Upon the occurrence of an Event of Default, Pledgee may
without demand of performance or other demand, advertisement, or notice of any
kind to or upon the Pledgor or any other person (all of which are, to the extent
permitted by law, hereby expressly waived), forthwith realize upon the Pledged
Securities or any part thereof which Pledgee is entitled to receive pursuant to
the terms of the Transfer Agreement or the Warrant Agreement and APP hereby
agrees to take all actions necessary to transfer the certificates representing
the Pledged Securities to the name of Pledgee.
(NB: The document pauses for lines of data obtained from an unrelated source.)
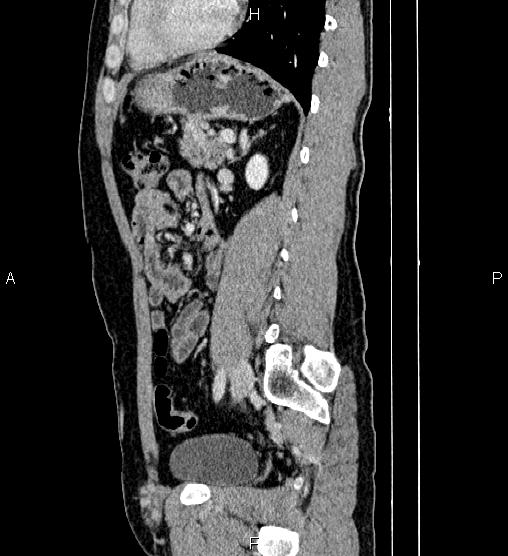Adrenal myelolipoma (Radiopaedia 87794-104246 Sagittal renal cortical phase 61).jpg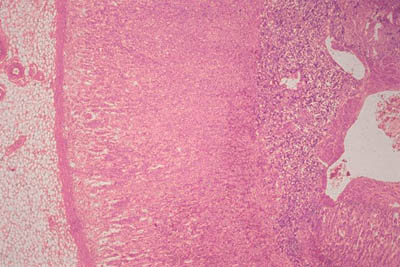 histology slide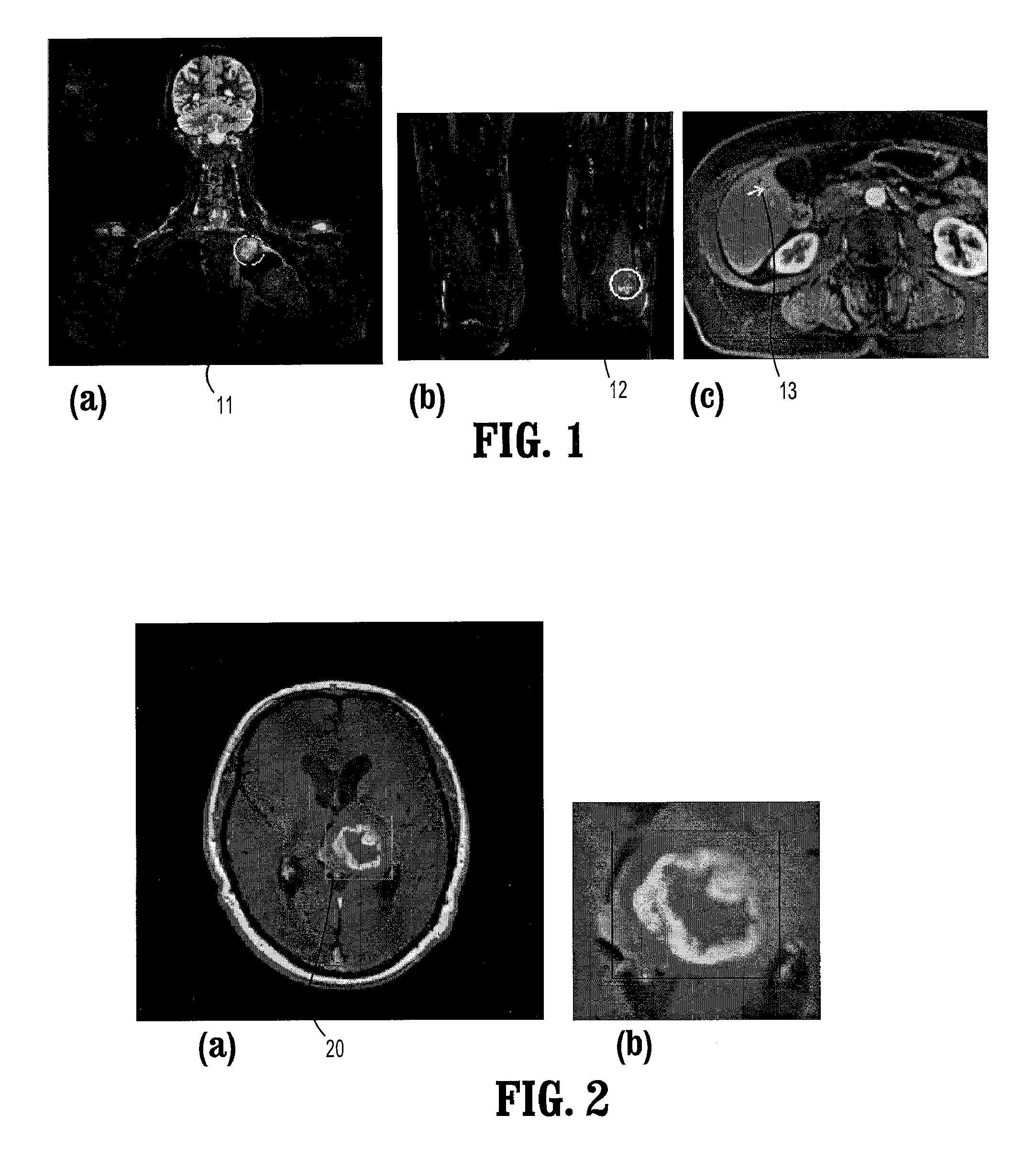 System and Method for Lesion Segmentation in Whole Body Magnetic Resonance Images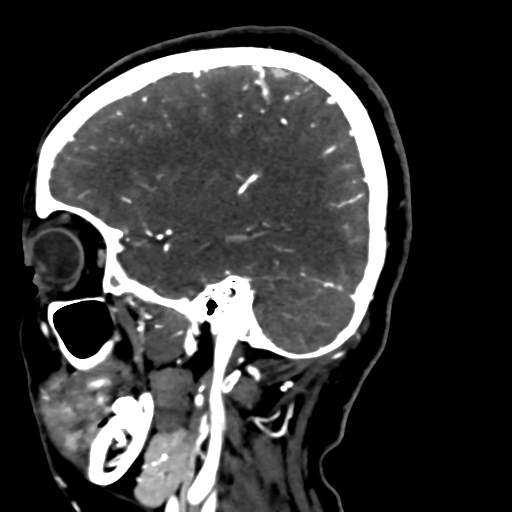 Cerebral arteriovenous malformation (Radiopaedia 73830-84645 Sagittal C+ delayed 67).jpg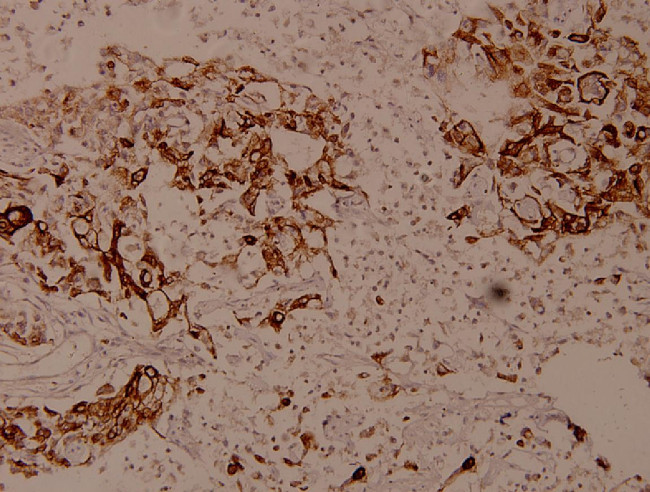 SPINK5 Antibody in Immunohistochemistry (Paraffin) (IHC (P))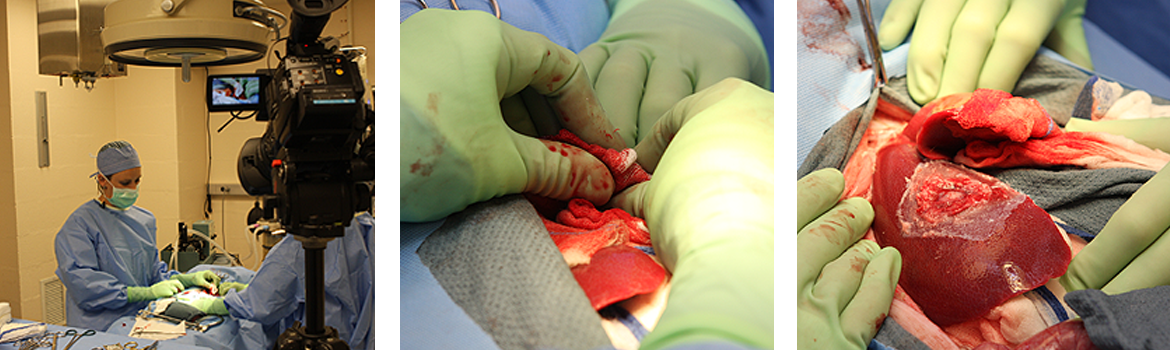 control severe bleeding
4. Pledgor's Representations and Warranties. Pledgor represents
and warrants that:
(a) Pledgor has all requisite capacity and power to enter into
this Pledge, to pledge the Pledged Securities for the purposes described in
Paragraph 2(a) above, and to carry out the transactions contemplated by this
Pledge;
(b) Pledgor is the legal and beneficial owner of the Pledged
Securities;
(c) The execution and delivery of this Pledge, and the
performance of its terms, will not violate or constitute a default under the
terms of any agreement, indenture or other instrument, license, judgment,
decree, order or regulation, applicable to Pledgor or any of its property; and
(d) Upon the execution of this Pledge and the delivery to
Pledgee of the shares of Pledged Securities now held of record by Pledgor, this
Pledge shall create a valid first lien upon and perfected security interest in
the Pledged Securities and the cash and noncash proceeds thereof, subject to no
prior lien or subordinate lien, or agreement purporting to grant to any third
party a security interest in the property or assets of Pledgor which would
include the Pledged Securities.
5. Pledgor's Covenants. Pledgor hereby covenants that, until all
of the Obligations have been satisfied in full:
(a) Pledgor will not sell, convey, or otherwise dispose of any
of the Pledged Securities or any interest therein, or create, incur, or permit
to exist any pledge, mortgage, lien, charge, encumbrance or any security
interest whatsoever in or with respect to any of the Pledged Securities or the
proceeds thereof, other than that created hereby; and
(b) Pledgor will, at Pledgor's own expense, defend (engaging
counsel acceptable to Pledgee) Pledgee's right, title, special property and
security interest in and to the Pledged Securities against the claims of any
person, firm, corporation or other entity.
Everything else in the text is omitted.